Apology for Beckmesser
IF it means anything at all to him, the name of Edward Hanslick suggests to the average musical reader the embodiment of academic obscurantism and of a peevish opposition to the originality of genius. The average reader has, in fact, accepted the portrait drawn by Wagner and his devotees of a critic who dared to discern certain weaknesses in the master's works, and certain dangers to the art of music in a blind adherence to his theories. And the average reader is hardly to blame for following where he is led by such men above the average as Mr. Ernest Newman, who writes down Hanslick as "the most colossal charlatan and ignoramus," or Sir Donald Tovey, who professed to have failed to discover in his writings "any knowledge of anything whatsoever."

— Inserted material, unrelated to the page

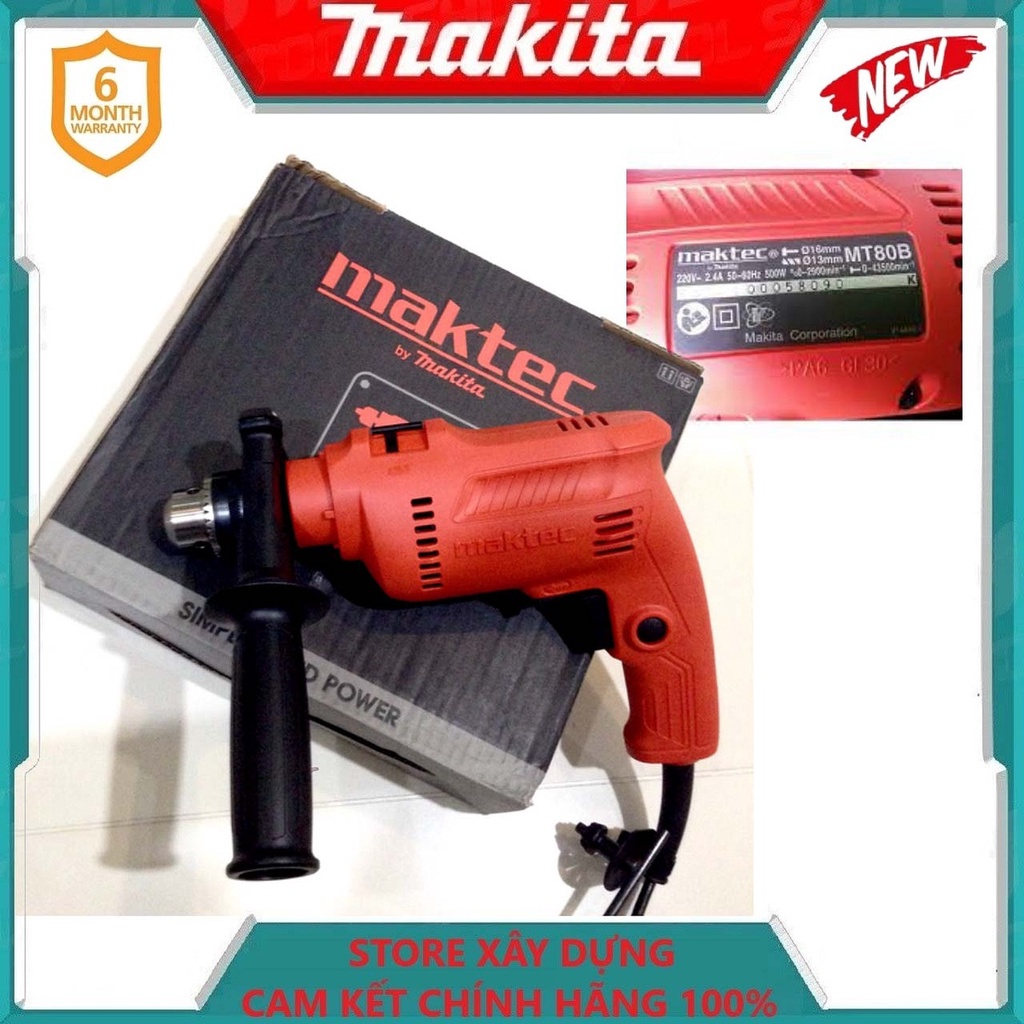 MÁY KHOAN BÚA 500W MAKTEC-MT80B (BÊ TÔNG, GỖ, THÉP)- HÀNG CHÍNH HÃNG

The rehabilitation of a music critic, who died thirty-six years ago, may seem an odd task to undertake, but Mr. Stewart Deas has performed his task with so much skill in the compression of his material, and with one eye so firmly fixed upon the general principles of criticism as an art, that his little book, so far from being a tedious re-hash of old controversies, has the positive merit of constructive thought. He has done for his readers all the dull work of reading Hanslick's works—the essay on aesthetics, Vom Musikalisch-Schonen, is the only one translated into English, and very ponderous its nineteenth-century German style is !—and has gleaned for us the virtues they contain. He shows Hanslick to have been anything but obscurantist in his views. His criticism of Wagner is by no means all adverse, and when he finds fault, it is not with minor details, but with fundamentals: Wagner's operatic style exists in an atmosphere of superlatives ; but no superlative has a future, it is the end, not the beginning. [He] has laid down a new way for himself which is vitally dangerous; but it is a way for him alone; whoever follows will perish and the public will witness his misfortune with indifference. The shade of Hanslick," comments Mr. Deas, "may be allowed a quiet smile of satisfaction at the accuracy of his forecast." Hanslick had, too, the true critic's magnanimity. After all the mud that was flung at him, after, even, the characteristically caddish conduct of Wagner, who invited him to hear the reading of the libretto of Die Meistersinger, in which Beckmesser origin- ally appeared as Hans Lich, he could still write of Wagner with dignity and without rancour. If his criticism of Brahms and the rest seems nowadays an old story, it must not be forgotten, as Sir Donald Tovcy seems to have done, that he was writing about contemporary music. When that is remembered, his criticism is seen to be the work of an acute intelligence, and one suspects that, where his judgement was at fault in assessing a new work by Brahms, the mistake was due to a too meticulous honesty in writing about a composer who was also an intimate friend. If any among us today makes no worse mistakes, he will deserve a similar resurrection a generation hence.
DYNELEY HUSSEY.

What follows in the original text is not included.